FIGS. 1-3 show cross-sectional views of a high voltage contact circuit breaker or interrupter generally indicated at 10 illustrating a sequence of operation. FIGS. 1-3 are arranged in chronological order, showing the arc severing and displacing provided by the present invention. FIG. 1 shows the interrupter at a point in time during initiation of an electrical fault 15 on load-serving power line 22. FIG. 2 is taken a short time later, after interrupter 10 has responded to the fault by sensing and actuation means (not shown). In FIG. 2, movable electrode 42 has drawn an electrical arc which conducts network current between electrodes 40 and 42. FIG. 3 represents a time shortly after a current zero, when residual arc 78 has been severed from upstream electrode 40 and displaced downstream a short distance into the near sonic plasma displacement section 46 of the flow-confining channel of the conduit 44.

FIG. 1 shows the interrupter 10 interposed between a load serving single-phase power line 22 and a source of alternating current electrical power 20. Capacitors 30 and 31 may be connected at or near the terminals of interrupter 10 if necessary to assure ample arc severing time independently of where interrupter 10 is applied in a network. Alternatively, capacitors 30,31 may be constructed as part of interrupter 10. Movable second, or downstream electrode 42 is in the closed position, in electrical contact with stationary electrode 40, conducting load current from source 20 to line 22. An electrical fault 15 has just initiated on load line 22.

The distributed impedances (inductance, capacitance and resistance) of the source side network 20 are represented in FIG. 1 by lumped impedances which, along with capacitor 31, control the source side transient recovery voltage. The distributed impedances of the load side network 22 are represented in FIG. 1 by surge impedance Z1=the square root of (L1/ C1), since it, with capacitor 30, controls the rate of rise in load side transient recovery voltage.

FIG. 2 represents a flow of dielectric interrupting gas 62 through consecutive stages of subsonic, near sonic and supersonic flow in the axial direction of arc 78. Subsonic gas flow occurs in converging section 54 of conduit 44 up to the sonic throat 58 thereof. Gas flow at near sonic velocity and pressure occurs through the ring shaped, upstream, stationary electrode 40 and through the near-sonic plasma displacement nozzle section 46 of the conduit. Gas flow at supersonic velocities occurs in the diverging expansion section 48 of the conduit.

A step change 59 in flow diameter between converging section 54 and upstream electrode 40 assures that the boundary layer across which the upstream end 80 of arc 78 terminates is turbulent, independent of flow Reynolds number.

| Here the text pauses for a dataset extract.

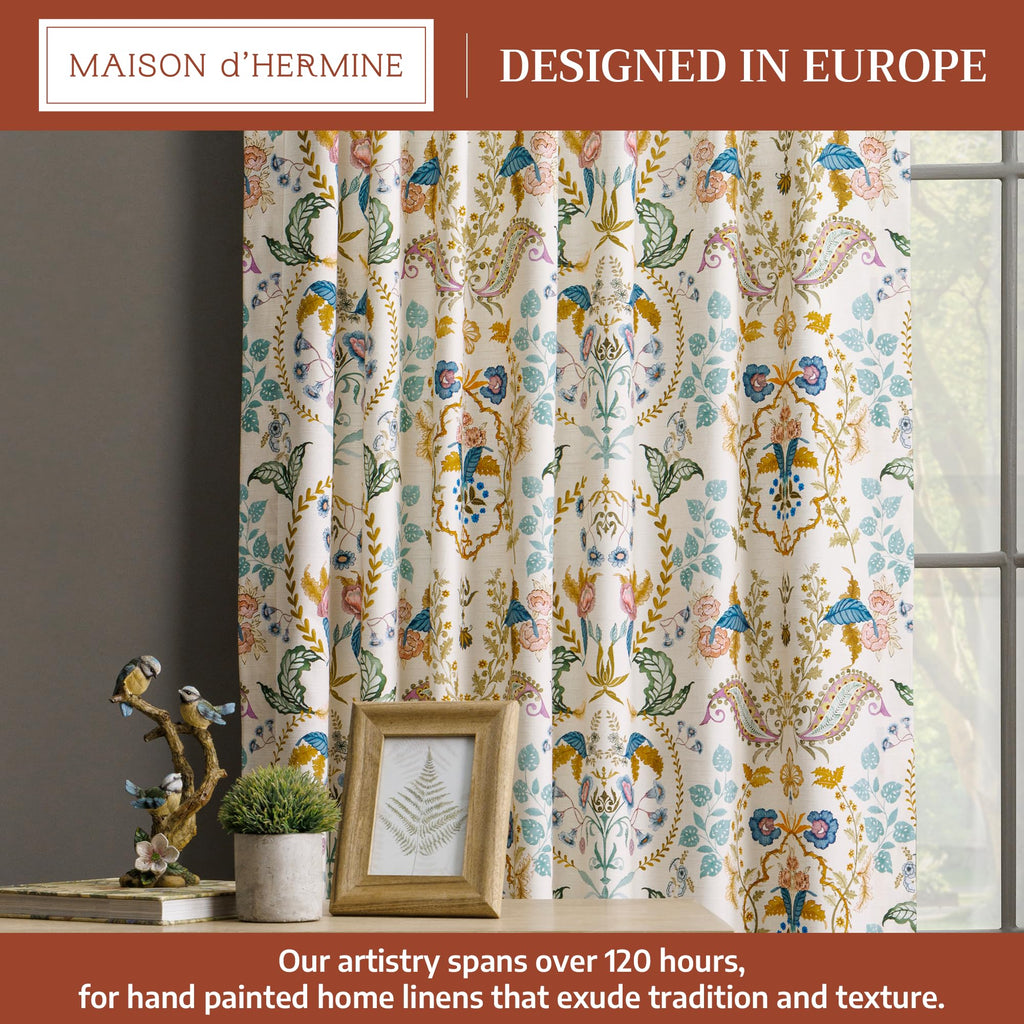 Kalos Curtains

FIG. 3 shows the interrupter 10 a few microseconds after the interrupting current zero. Upstream arc terminus 80 of residual arc 78 has been severed from upstream electrode 40 and the severed plasma displaced downstream by the near sonic flow of dielectric gas 62. Prior to severing, the arc terminus 80 is generally perpendicular, or nearly perpendicular to the surface of electrode 40.

The upstream wall electrode 40 plays an important role in the residual arc severing process. Wall electrode 40 and the adjacent downstream dielectric wall of the near sonic section fix the axial position of the arc root, while across the thin (<0.1 cm), turbulent flow boundary layer the body of the residual arc is embedded in the near sonic flow of the high enthalpy dielectric interrupting gas 62, which, is generally transverse or across the arc root. This subjects the arc terminus 80 to the translation and rotation of a high shear flow, which severs the arc from wall electrode 40 and displaces it into the dielectric near sonic plasma displacement section 46. The configuration of the electrodes 40,42 and the direction of travel of moving electrode 42 fixes the arc root generally perpendicular to the flow of dielectric gas at the surface of electrode 40.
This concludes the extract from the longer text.